The paleoelevation and uplift history of the Sierra Nevada, including differences between the northern and southern Sierra Nevada (NSN, SSN), are controversial. My published work on ignimbrite distribution in the NSN and Great Basin show that ignimbrites erupted from the western half of a present-day NW-SE belt of calderas from western Nevada to western Utah astride the interpreted Nevadaplano (NP). The western half of the caldera belt lies west of a paleodivide in the NP. Tuffs erupted from the western half flowed westward down paleovalleys across what is now the Basin and Range – NSN structural–topographic margin. The paleovalleys in the NSN are the famed auriferous channels. The ignimbrites, the world’s most far traveled, flowed as much as 280 km (pre-extension distance) from source.

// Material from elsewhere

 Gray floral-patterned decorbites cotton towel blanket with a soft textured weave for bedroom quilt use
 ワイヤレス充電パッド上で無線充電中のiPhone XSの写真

Although great flow distances are consistent with calderas at 3-4 km elevation in the NP, source elevations greater than ~1.5 km cannot be proven by ignimbrite or paleovalley data alone. Confined, paleovalley flow probably is the critical factor in great flow distance.

Cenozoic magmatism and caldera-forming eruptions swept southwestward across the Great Basin. Because erupted tuffs were channelized, paleovalley sequences young southward: e.g., tuffs in paleovalleys north of Reno are 31.5-25.3 Ma; south of Reno, 27.6-23.3 Ma. Tuffs are exposed in paleovalleys as far south as 37.8°. Tuff distribution across the NSN demonstrates that the eastern, fault-bounded flank could not have existed before 23 Ma. Farther south in the SSN, mid-Cenozoic deposits have been eroded.

Published data show that 36-20 Ma tuffs occur in Death Valley (DV). Based on these ages, the tuffs must have erupted from the coeval part of the caldera belt in central and eastern Nevada, northeast of the younger southwestern Nevada volcanic field (~15.7-7.6 Ma). Although some deposits are pyroclastic-fall or reworked tuffs, some are pyroclastic-flow deposits that could only get to DV by paleovalley flow. Whether these tuffs ponded in interpreted “old” extensional basins in the DV area or flowed into or across what is now SSN is unknown. Equivalent tuffs are not preserved in the deeply eroded SSN. Correlation of tuffs from source calderas to DV and examination of coeval deposits in the San Joaquin Valley can help resolve the uplift history of the SSN and tectonic evolution of DV.